GEOINT 2022: Synthetic aperture radar (SAR) satellite startup Capella Space has raised $97 million in new funding, the company announced today, allowing it to expand its capabilities to provide analytical products — including images showing changes over time at a targeted ground site.

“That’s one of the superpowers of SAR: to be able to see changes and be able to do so reliably,” Capella CEO Payam Banazadeh told Breaking Defense.

SAR satellites, unlike remote sensing satellites using electro-optical cameras, can provide “images” at night and through cloud cover.

The influx of cash also will be used to help fund the firm’s next generation of higher resolution SAR-sats, which Banazadeh said will launch sometime in the first half of 2023. The company’s current constellation of seven satellites have a highest ground resolution of 0.5 meters.
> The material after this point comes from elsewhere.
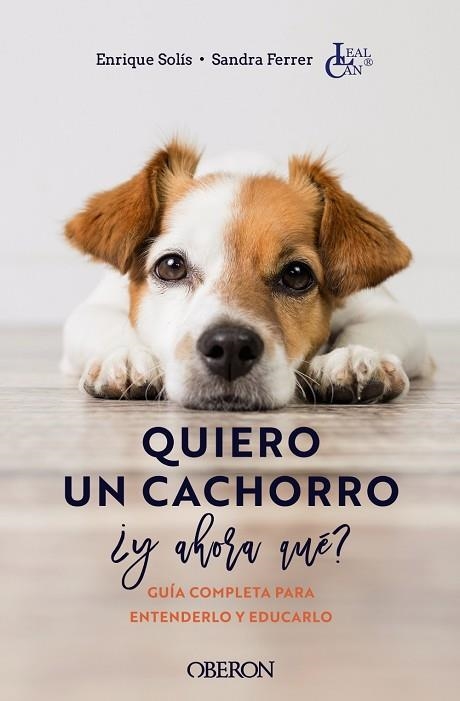 QUIERO UN CACHORRO Y AHORA QUÉ? | 9788441546561 | SOLÍS ÁLVAREZ, ENRIQUE/FERRER DE LUCAS, SANDRA | Llibreria Online de Vilafranca del Penedès | Comprar llibres en català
Near real-time “change detection” from space is is a bit of a holy grail for US intelligence agencies as they keep tabs on adversary activities, as well as a critical foundation for all-domain operations under the Pentagon’s Joint Warfighting Concept. Capella already is under a study contract with the National Reconnaissance Office for its SAR satellite imagery, and is providing its analytical products to the National Geospatial-Intelligence Agency.

The Series C funding round, with investment from venture capital firms NightDragon, DCVC and Cota Capital, has helped Capella launch three new analytical products: Vessel Detection, Change Detection and Global Change Monitoring. Customers can access these new applications via the Capella Console, which is a “self-serve, automated satellite tasking platform,” according to a company press release issued at the start of the annual USGIF GEOINT conference in Denver.

Banazadeh explained that the Change Detection application uses the European Space Agency’s Sentinel 1 satellites for wide-area monitoring, and Capella’s own satellites to focus in on areas of customer interest, such as an adversary’s missile launch facility.

For the customer, Banazadeh added, the most interesting thing is that the process is automated and proactive.

“Our customers can set an area of interest that they want to just want monitor in the background,” he said. “We monitor that using Sentinel 1. And then they can set up certain thresholds and certain requirements so that when there is a change, then we can automatically task our own satellite and be able to look closer to that change.”

Currently, the constellation can re-image most of the Earth about every three hours, Banazadeh said, but that will increase as the size of Capella’s constellation goes up.

The company in the past has said that it is aiming for some 36 satellites to complete its constellation. But, Banazadeh said, how many satellites Capella eventually launches depends on customer demand for faster and faster revisit rates.

“We can be hundreds if there is a customer that wants to monitor a place in real time, you know, every few minutes,” he said. “There’s no limit.”